Canadian curler (born 1980)

Nolan Thiessen (born November 6, 1980, in Pilot Mound, Manitoba) is a Canadian retired curler and sports executive. He is currently the CEO of Curling Canada.

==Career==
Thiessen, in his debut at Canadian Juniors, lost the final of the 2001 Canadian Junior Curling Championships playing lead for Mike McEwen. Thiessen was a member of the 2003 Winter Universiade championship team. He represented Brandon University, playing lead for Mike McEwen. After university, he played lead for Sean Grassie before moving to play in Alberta as Mark Johnson's lead in 2004. In 2006, he moved to play for Kevin Koe. Thiessen won the 2008 Canada Cup of Curling with the team, and qualified for his first Brier in 2010 as Team Alberta. The team won the Brier after beating Ontario's Glenn Howard 6-5 in the final. They went on to win at that year's world championship, securing the gold medal in a win over Norway, skipped by Torger Nergård. After Pat Simmons signed on with the team, they went to their second Brier in 2012, but lost to Ontario, skipped by Glenn Howard, in the final. At the 2014 Brier the rink repeated as Canadian champions, defeating John Morris's B.C. rink 10-5 in the final. The team went on to finish in fourth place at the 2014 World Men's Curling Championship. After the season, Koe left the team and was replaced by John Morris. The team represented Team Canada at the 2015 Tim Hortons Brier as defending champions. They won the 2015 Brier and went on to win a bronze medal at the 2015 Ford World Men's Curling Championship. The team represented Team Canada at the 2016 Tim Hortons Brier for the final time, finishing in fifth place. They went their separate ways after the season, and Thiessen retired from competitive curling.

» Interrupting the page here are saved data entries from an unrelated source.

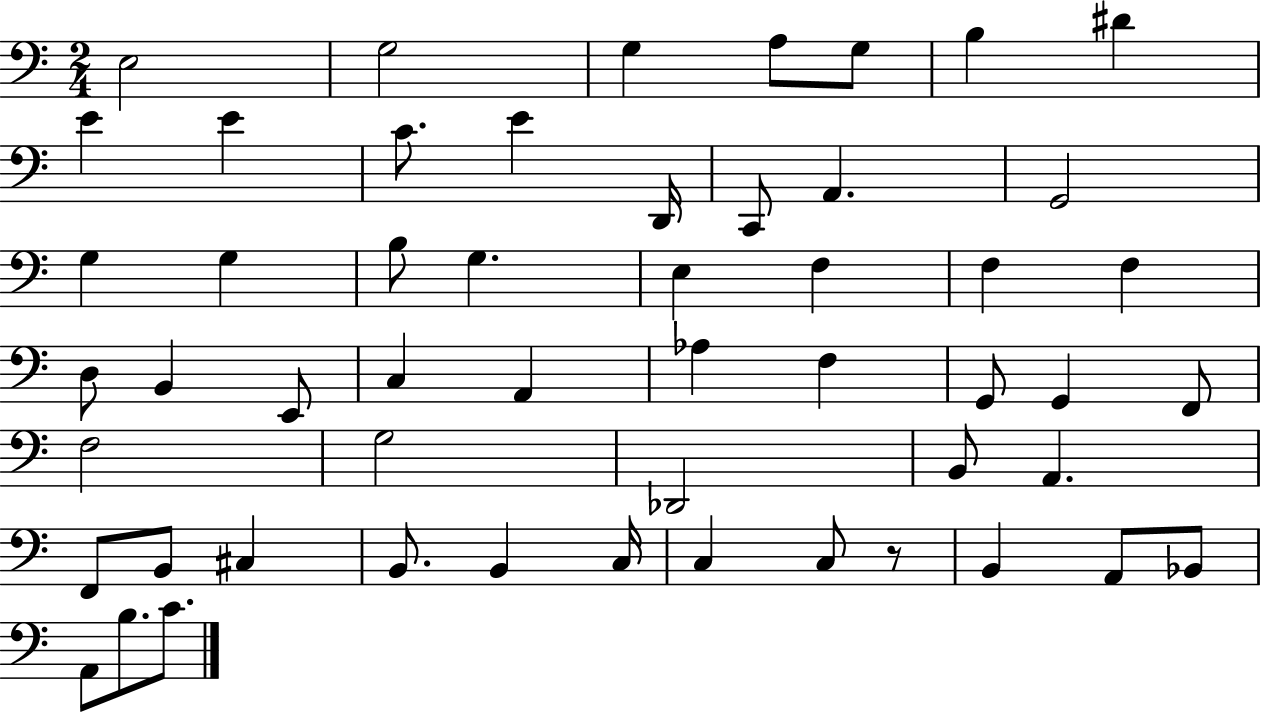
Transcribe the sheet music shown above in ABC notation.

X:1
T:Untitled
M:2/4
L:1/4
K:C
E,2 G,2 G, A,/2 G,/2 B, ^D E E C/2 E D,,/4 C,,/2 A,, G,,2 G, G, B,/2 G, E, F, F, F, D,/2 B,, E,,/2 C, A,, _A, F, G,,/2 G,, F,,/2 F,2 G,2 _D,,2 B,,/2 A,, F,,/2 B,,/2 ^C, B,,/2 B,, C,/4 C, C,/2 z/2 B,, A,,/2 _B,,/2 A,,/2 B,/2 C/2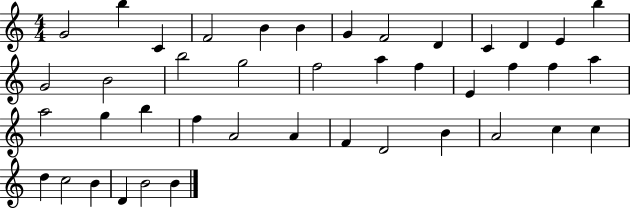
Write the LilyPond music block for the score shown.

{
  \clef treble
  \numericTimeSignature
  \time 4/4
  \key c \major
  g'2 b''4 c'4 | f'2 b'4 b'4 | g'4 f'2 d'4 | c'4 d'4 e'4 b''4 | \break g'2 b'2 | b''2 g''2 | f''2 a''4 f''4 | e'4 f''4 f''4 a''4 | \break a''2 g''4 b''4 | f''4 a'2 a'4 | f'4 d'2 b'4 | a'2 c''4 c''4 | \break d''4 c''2 b'4 | d'4 b'2 b'4 | \bar "|."
}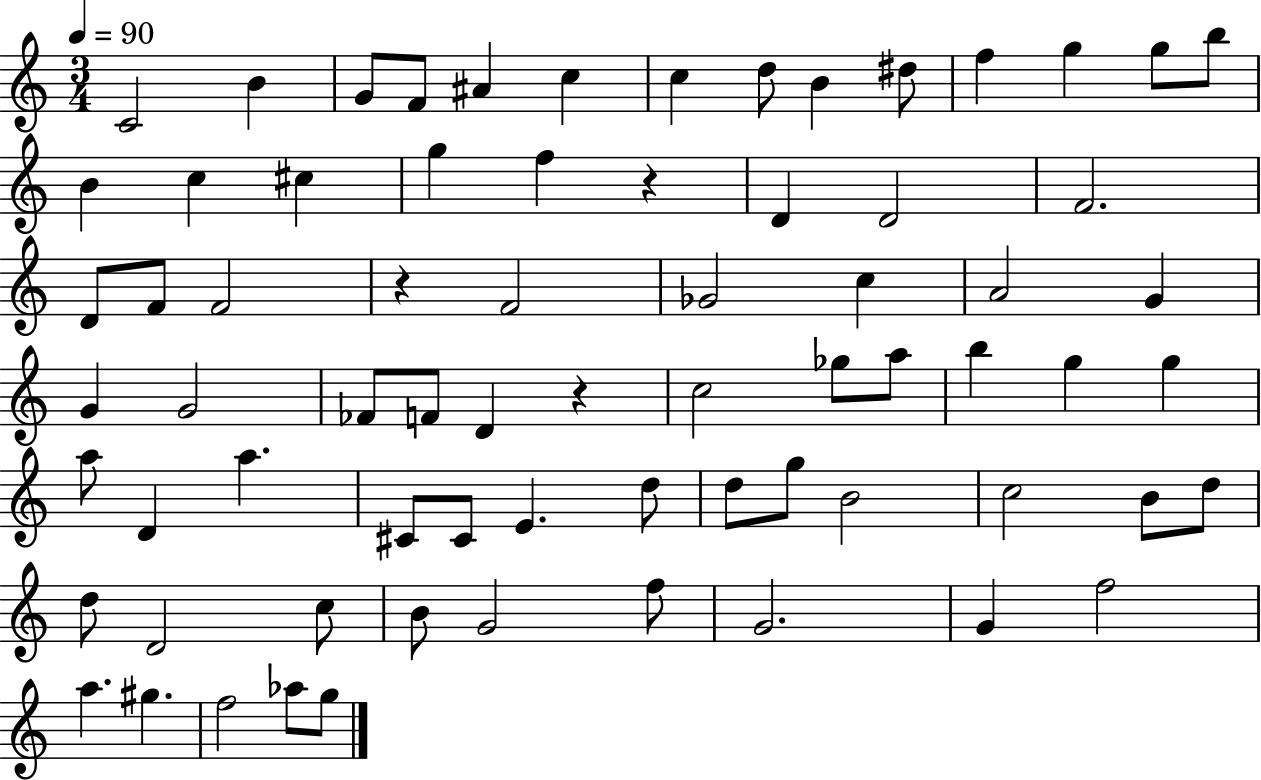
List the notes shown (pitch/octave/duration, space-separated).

C4/h B4/q G4/e F4/e A#4/q C5/q C5/q D5/e B4/q D#5/e F5/q G5/q G5/e B5/e B4/q C5/q C#5/q G5/q F5/q R/q D4/q D4/h F4/h. D4/e F4/e F4/h R/q F4/h Gb4/h C5/q A4/h G4/q G4/q G4/h FES4/e F4/e D4/q R/q C5/h Gb5/e A5/e B5/q G5/q G5/q A5/e D4/q A5/q. C#4/e C#4/e E4/q. D5/e D5/e G5/e B4/h C5/h B4/e D5/e D5/e D4/h C5/e B4/e G4/h F5/e G4/h. G4/q F5/h A5/q. G#5/q. F5/h Ab5/e G5/e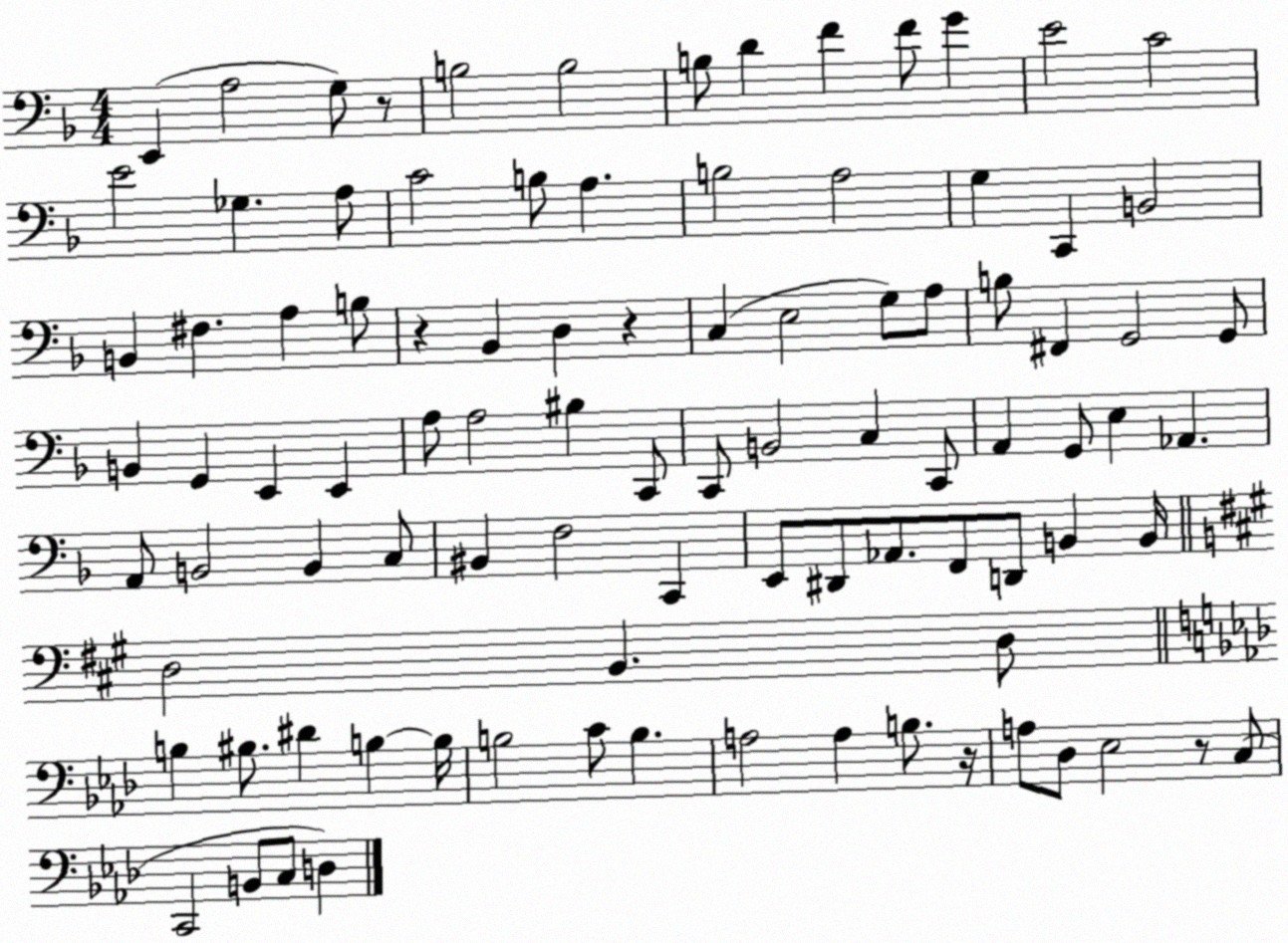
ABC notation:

X:1
T:Untitled
M:4/4
L:1/4
K:F
E,, A,2 G,/2 z/2 B,2 B,2 B,/2 D F F/2 G E2 C2 E2 _G, A,/2 C2 B,/2 A, B,2 A,2 G, C,, B,,2 B,, ^F, A, B,/2 z _B,, D, z C, E,2 G,/2 A,/2 B,/2 ^F,, G,,2 G,,/2 B,, G,, E,, E,, A,/2 A,2 ^B, C,,/2 C,,/2 B,,2 C, C,,/2 A,, G,,/2 E, _A,, A,,/2 B,,2 B,, C,/2 ^B,, F,2 C,, E,,/2 ^D,,/2 _A,,/2 F,,/2 D,,/2 B,, B,,/4 D,2 B,, D,/2 B, ^B,/2 ^D B, B,/4 B,2 C/2 B, A,2 A, B,/2 z/4 A,/2 _D,/2 _E,2 z/2 C,/2 C,,2 B,,/2 C,/2 D,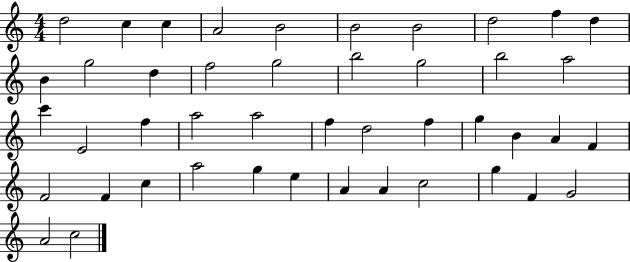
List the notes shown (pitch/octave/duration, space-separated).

D5/h C5/q C5/q A4/h B4/h B4/h B4/h D5/h F5/q D5/q B4/q G5/h D5/q F5/h G5/h B5/h G5/h B5/h A5/h C6/q E4/h F5/q A5/h A5/h F5/q D5/h F5/q G5/q B4/q A4/q F4/q F4/h F4/q C5/q A5/h G5/q E5/q A4/q A4/q C5/h G5/q F4/q G4/h A4/h C5/h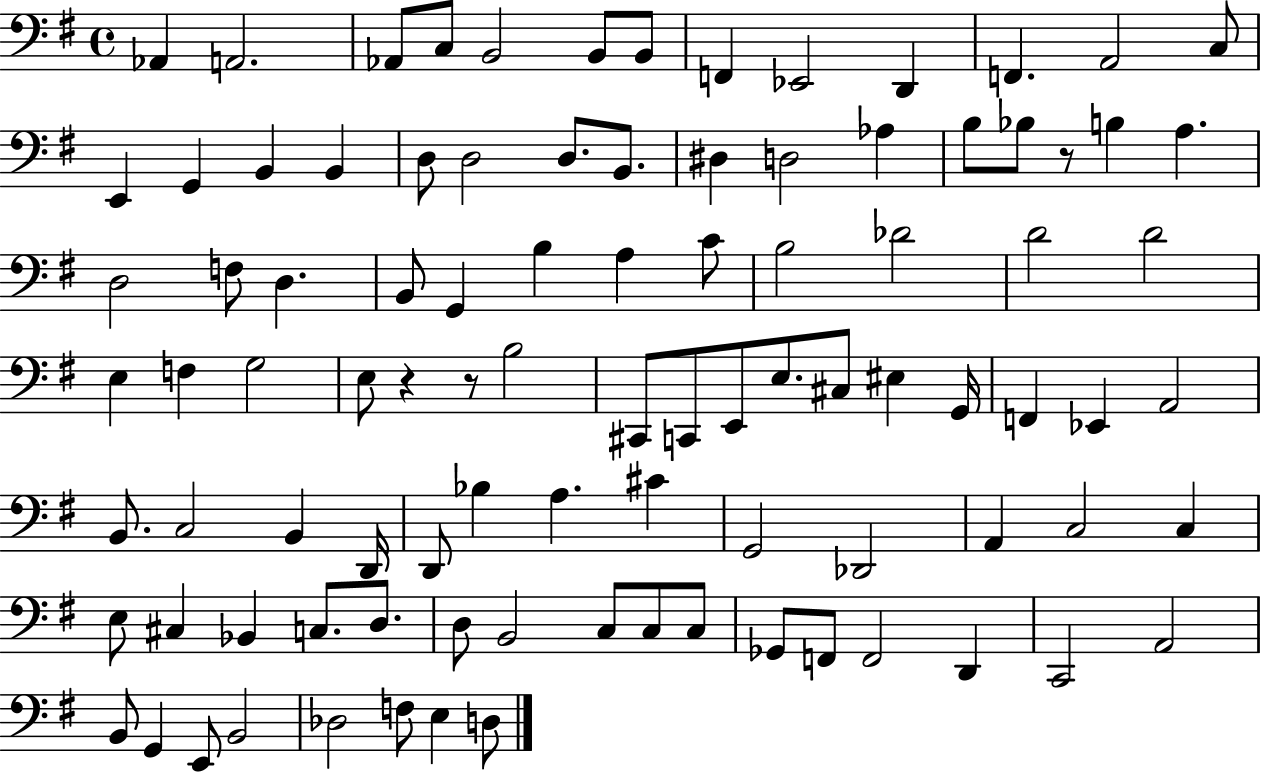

Thiessen was formally hired by Curling Canada in 2018, eventually becoming the Executive Director of Marketing and Fan Experience. He was appointed CEO of Curling Canada in January 2024.

==Personal life==
Thiessen enjoyed playing baseball growing up. He played for the Claiborne Christian High School in Louisiana and played one year at Vernon College in Texas, which led to his participation in a regional tournament for the junior College World Series. He also played baseball at the 2001 Canada Summer Games for Team Manitoba.

After playing baseball in Texas, Thiessen returned to Manitoba and finished his education at the University of Manitoba, and worked as a self-employed chartered accountant. As of 2016, he is married to Christine Sinclair (not the soccer player) and has three children That year, he moved with his wife to McKinney, Texas, where she found work. They sold their home in Texas in 2018.